But that wasn't the worst of it.

When they didn't beat me or burn me, they ignored me, like I didn't exist, like I wasn't even there. And you know what, I didn't hate him. I hated my father who put in all those foster homes."



                                             Chapter 10



Spring. All the windows in the apartment are open. The cool breeze flows through her brown hair. "You're getting too serious, Jack, and I don't want to need you."

"That's because I care for you."

The rain pounds the roof.

Jack Delleto sits down on the bed, caresses her shoulder. "I hate the rain. Come on, give me a smile. "Kathleen pulls away and faces the wall.

"Well, I don't need anyone."

"People need people."

"Yeah, but I don't need you." There is silence, then, "I only care about my son and Father Anthony."

"What is it with you and the priest?" You named your son Anthony is that because he's the father."

"You're an *******. Get out of here. I don't love you." And then, "I've been hurt by people and you'll get over it."

Then silence. Jack gets up from the bed, stares at her dark form facing the wall. "Isn't this how it always ends for you?"

The room is quiet and grows hot. When the silence numbs his racing heart, he goes into the kitchen, opens the front door and walks down the steps into the cold rain.


"Anthony," Kathleen calls to her son to come to her from the other bedroom and he climbs into the bed, and she holds him close. The ghost of relationships past haunt her and although they are all sad, she clings to them.


On the sidewalk below the apartment window Jack stops. He thinks he hears his name being called but whatever he has heard is carried off by the wind. He continues up the dark street to his Harley.

High in reach less branches of the old oak tree a mockingbird is singing. The leaves twist in the wind and the singing goes on and on.



                                            
     



The ringing phone. The clock on the dresser says 5 a.m.

"Who the hell is this?"

"Jack, I'm scared."

"Kate? Is that you?"

"Someone broke into my apartment."

"Is he still there?"

"No, he ran out the door when I screamed. It was hot and I had the window open. He slit the screen."

"I'll be right over."



                                         Chapter11


"How hot is it?" Kathleen asks.

The bar is empty except for O'Malley, Keater, a man and a woman.

"98.6," says Jack.
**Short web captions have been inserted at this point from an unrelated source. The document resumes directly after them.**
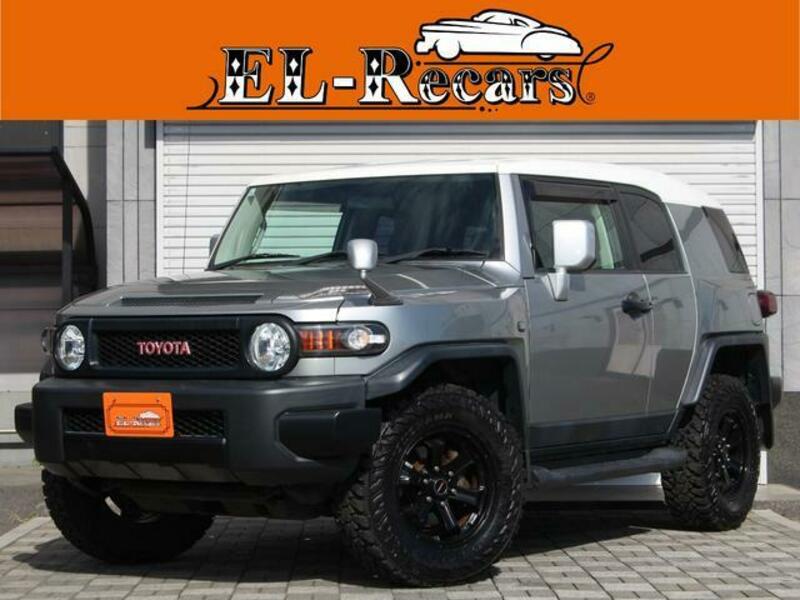 TOYOTA FJ CRUISER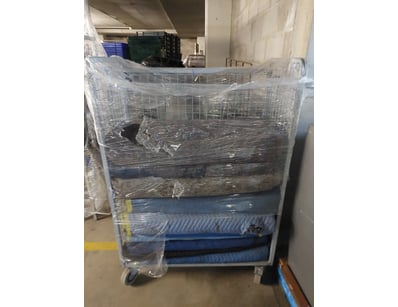 Industrial mobile storage cart with collapsible me...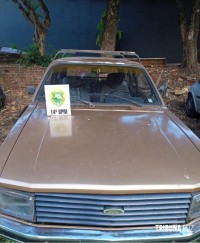 Polícia Militar recupera veículo furtado no Jardim Ipê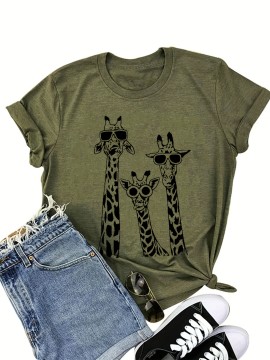 Cute Giraffe Print Crew Neck T-Shirt for Women - Casual Short Sleeve Tee for Spring & Summer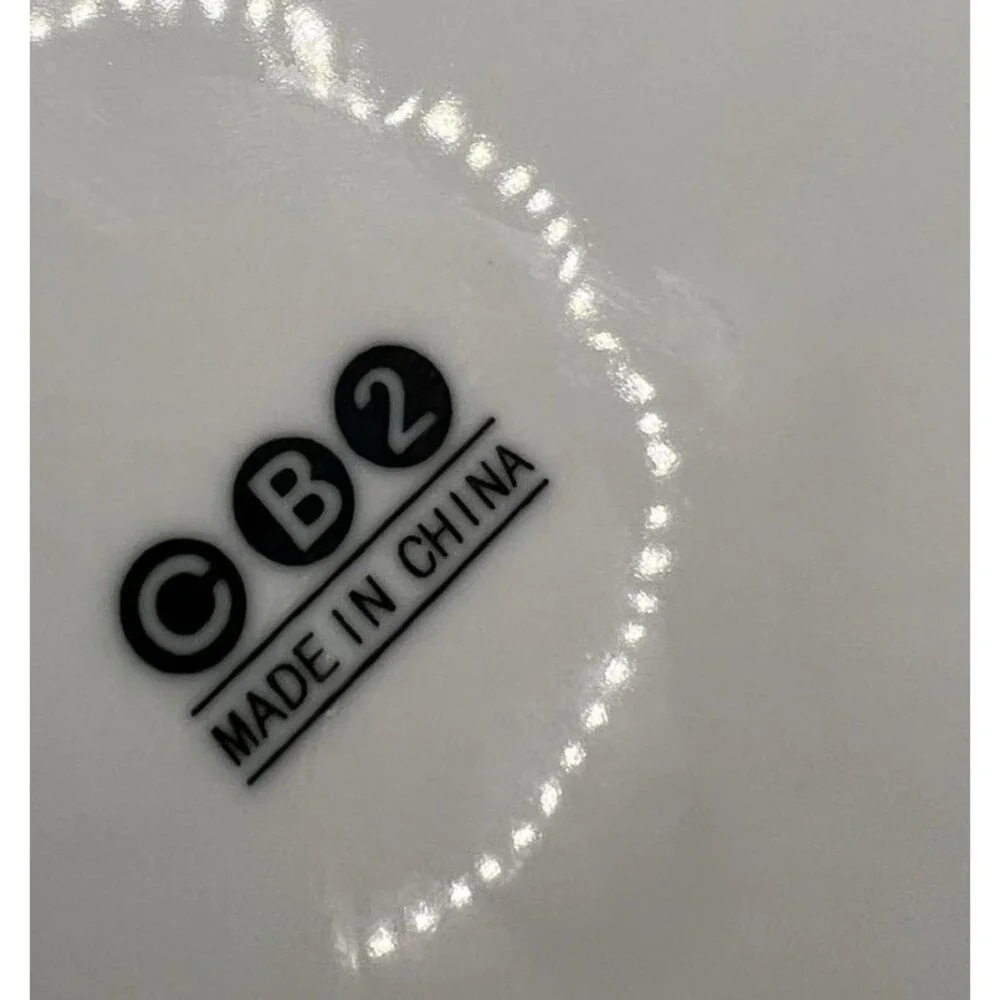 4 CB2 Crate & Barrel White Porcelain egg Shaped oblong oval abstract modern bowl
The sweat rolls down his cheeks.

"Let's go to the boardwalk."

"When it's hot like this, it's hot all over."

"We could go on the rides."

"I've got the next pool game, then we'll go."

"It's my birthday."

"I bought you flowers."

"Yeah, carnations."

Laughing, Paul Keater slides the brim of his baseball cap back and forth across his forehead.

Jack eyes narrow. He starts for Keater, Katheen steps in front of Jack, puts her hands on his shoulders. She looks into his eyes.

"Who are you Jack Delletto? What is it with you two? But as always you'll say nothing, nothing." As Jack tries to speak she walks over to the bar and sits on the barstool.

"It's my birthday," she tells O'Malley.

When Bob turns from the horse races on the T.V., he notices her long legs and the short skirt. "Hey, happy birthday, Kate, Jack Daniels?"

"Fine."

Filling the glasses O'Malley hands one to Kathleen, "You look great," he tells her.

"Jack doesn't think so. Thanks, at least someone thinks so."

"Hope Jack won't mind," and he leans over the bar and kisses her.

Kathleen looks over her shoulder at Delleto. Jack is playing pool with a woman wearing a black tight halter top. The woman comes over to Jack, stands too close, smiles, and Jack smiles back.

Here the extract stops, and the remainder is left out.